● EXERCISE PROMPT
Reproduce the whole listing that follows, exactly as it stands.
-- PROVIDED RECORDS follows --
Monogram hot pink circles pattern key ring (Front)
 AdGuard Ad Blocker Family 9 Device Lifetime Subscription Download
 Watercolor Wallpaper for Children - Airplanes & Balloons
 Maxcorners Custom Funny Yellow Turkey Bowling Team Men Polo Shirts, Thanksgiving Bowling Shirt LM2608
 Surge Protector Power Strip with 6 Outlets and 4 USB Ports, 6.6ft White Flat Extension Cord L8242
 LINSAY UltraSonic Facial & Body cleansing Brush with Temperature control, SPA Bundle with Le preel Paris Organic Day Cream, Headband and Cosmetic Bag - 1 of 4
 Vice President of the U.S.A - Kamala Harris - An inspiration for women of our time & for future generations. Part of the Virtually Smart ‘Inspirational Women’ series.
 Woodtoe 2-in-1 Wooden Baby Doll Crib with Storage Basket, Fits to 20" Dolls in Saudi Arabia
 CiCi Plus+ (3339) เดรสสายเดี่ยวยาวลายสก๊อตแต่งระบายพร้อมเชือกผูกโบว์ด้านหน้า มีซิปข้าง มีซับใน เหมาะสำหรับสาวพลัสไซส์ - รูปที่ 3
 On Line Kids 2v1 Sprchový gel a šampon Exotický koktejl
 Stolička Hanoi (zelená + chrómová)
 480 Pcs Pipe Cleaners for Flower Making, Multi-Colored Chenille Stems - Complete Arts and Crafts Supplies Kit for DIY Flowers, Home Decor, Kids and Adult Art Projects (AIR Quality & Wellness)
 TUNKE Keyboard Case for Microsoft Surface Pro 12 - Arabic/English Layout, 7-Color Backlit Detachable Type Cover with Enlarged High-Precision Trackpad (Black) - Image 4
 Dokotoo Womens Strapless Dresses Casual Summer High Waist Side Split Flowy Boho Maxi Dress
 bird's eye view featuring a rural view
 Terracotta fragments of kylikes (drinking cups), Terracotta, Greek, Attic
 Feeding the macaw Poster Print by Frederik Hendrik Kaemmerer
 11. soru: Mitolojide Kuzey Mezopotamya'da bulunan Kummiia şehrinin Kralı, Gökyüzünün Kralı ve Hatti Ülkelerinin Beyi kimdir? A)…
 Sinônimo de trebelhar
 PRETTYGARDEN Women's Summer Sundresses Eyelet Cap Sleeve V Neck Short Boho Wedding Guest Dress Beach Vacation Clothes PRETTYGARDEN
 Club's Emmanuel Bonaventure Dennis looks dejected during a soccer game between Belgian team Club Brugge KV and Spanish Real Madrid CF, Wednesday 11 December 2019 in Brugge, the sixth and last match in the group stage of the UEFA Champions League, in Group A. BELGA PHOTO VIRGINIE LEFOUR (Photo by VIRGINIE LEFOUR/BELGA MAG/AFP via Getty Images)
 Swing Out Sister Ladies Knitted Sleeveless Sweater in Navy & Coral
-- PROVIDED RECORDS concluded --
● COMPLETED TASK
Monogram hot pink circles pattern key ring (Front)
 AdGuard Ad Blocker Family 9 Device Lifetime Subscription Download
 Watercolor Wallpaper for Children - Airplanes & Balloons
 Maxcorners Custom Funny Yellow Turkey Bowling Team Men Polo Shirts, Thanksgiving Bowling Shirt LM2608
 Surge Protector Power Strip with 6 Outlets and 4 USB Ports, 6.6ft White Flat Extension Cord L8242
 LINSAY UltraSonic Facial & Body cleansing Brush with Temperature control, SPA Bundle with Le preel Paris Organic Day Cream, Headband and Cosmetic Bag - 1 of 4
 Vice President of the U.S.A - Kamala Harris - An inspiration for women of our time & for future generations. Part of the Virtually Smart ‘Inspirational Women’ series.
 Woodtoe 2-in-1 Wooden Baby Doll Crib with Storage Basket, Fits to 20" Dolls in Saudi Arabia
 CiCi Plus+ (3339) เดรสสายเดี่ยวยาวลายสก๊อตแต่งระบายพร้อมเชือกผูกโบว์ด้านหน้า มีซิปข้าง มีซับใน เหมาะสำหรับสาวพลัสไซส์ - รูปที่ 3
 On Line Kids 2v1 Sprchový gel a šampon Exotický koktejl
 Stolička Hanoi (zelená + chrómová)
 480 Pcs Pipe Cleaners for Flower Making, Multi-Colored Chenille Stems - Complete Arts and Crafts Supplies Kit for DIY Flowers, Home Decor, Kids and Adult Art Projects (AIR Quality & Wellness)
 TUNKE Keyboard Case for Microsoft Surface Pro 12 - Arabic/English Layout, 7-Color Backlit Detachable Type Cover with Enlarged High-Precision Trackpad (Black) - Image 4
 Dokotoo Womens Strapless Dresses Casual Summer High Waist Side Split Flowy Boho Maxi Dress
 bird's eye view featuring a rural view
 Terracotta fragments of kylikes (drinking cups), Terracotta, Greek, Attic
 Feeding the macaw Poster Print by Frederik Hendrik Kaemmerer
 11. soru: Mitolojide Kuzey Mezopotamya'da bulunan Kummiia şehrinin Kralı, Gökyüzünün Kralı ve Hatti Ülkelerinin Beyi kimdir? A)…
 Sinônimo de trebelhar
 PRETTYGARDEN Women's Summer Sundresses Eyelet Cap Sleeve V Neck Short Boho Wedding Guest Dress Beach Vacation Clothes PRETTYGARDEN
 Club's Emmanuel Bonaventure Dennis looks dejected during a soccer game between Belgian team Club Brugge KV and Spanish Real Madrid CF, Wednesday 11 December 2019 in Brugge, the sixth and last match in the group stage of the UEFA Champions League, in Group A. BELGA PHOTO VIRGINIE LEFOUR (Photo by VIRGINIE LEFOUR/BELGA MAG/AFP via Getty Images)
 Swing Out Sister Ladies Knitted Sleeveless Sweater in Navy & Coral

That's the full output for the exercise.